> [Information provided]
Start of Block
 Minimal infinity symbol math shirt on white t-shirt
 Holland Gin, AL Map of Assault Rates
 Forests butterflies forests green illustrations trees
End of Block
> [What the task requires] Copy each line of the data above exactly as it appears.

> [Exercise solution]
 Minimal infinity symbol math shirt on white t-shirt
 Holland Gin, AL Map of Assault Rates
 Forests butterflies forests green illustrations trees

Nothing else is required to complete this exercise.